Later, I saw that the Philadelphia Inquirer was looking for submissions from people in the area about their experience that day - and so, I submitted what I had written and strangely enough - it was printed.

My article describes the picture that will ever be etched in my mind when I remember September 11th.  It is a picture of innocence in a world that was experiencing horror and the divergence between the innocent and the horror cannot be erased from my thoughts about that day.

Here is the brief submission that was printed in the Philadelphia Inquirer those 14 years ago:

Horror on a Beautiful Day

Yesterday was September 11, 2001.  It was a beautiful day.  The sky was a vivid blue.  Birds sang, crickets buzzed.  Trees swayed gently in the cool breeze.  It was a day to delight in the experience of ordinary beauty.

I'm a stay-at-home mom.  After my last child left for school, I sat down with coffee and the newspaper - just like every day.  The phone rang.  My husband said, "Turn on the news."

The TV is never on during the day but yesterday, I stood in front of TV-news the entire day.  I felt numb.  The crash into the Pentagon made it personal.  My dad sometimes worked there and my brothers in law work across the street.  An hour of dead lines and fast busy signals to my dad's cell caused me to panic.  "Dad, get out of there!" I shouted when he finally answered.  I could barely register his reply, "I'm at home; I didn't go in today." A dead car battery had delayed him.

My dad's chances of being in a meeting at the Pentagon were real but not certain.  Eerily, I tried to perceive the hundreds who knew their relatives were on hijacked planes.  I attempted to fathom the families of thousands who work in or around the twin towers.  My panic was minuscule compared to the horrified knowledge and consuming dread of those whose lives would be imprinted in ways I cannot comprehend.

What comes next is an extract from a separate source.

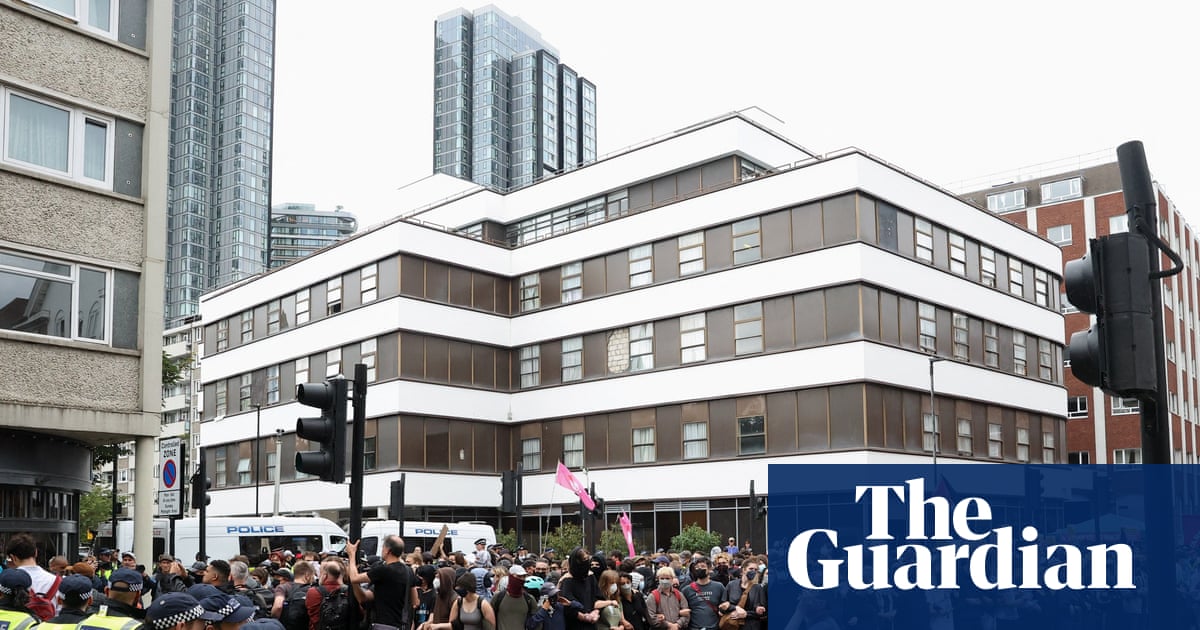 Pro- and anti-migrant prroters face off at London hotel housing asylum seekers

At kindergarten pick-up, the day's devastation seemed unreal.  The tree-lined walkway fronting the school was calm.  Perfect, white, puffy clouds floated above.  Children were cheerful, smiling; running to their parents armed with Tempra-painted pictures and juggling brightly colored backpacks.

Overcome by innocence, we grasped the open hands of children, holding them tighter, noticing the slippery wetness between our palms.  Leaving school, I felt the breeze, noted the sky.  It was a beautiful day.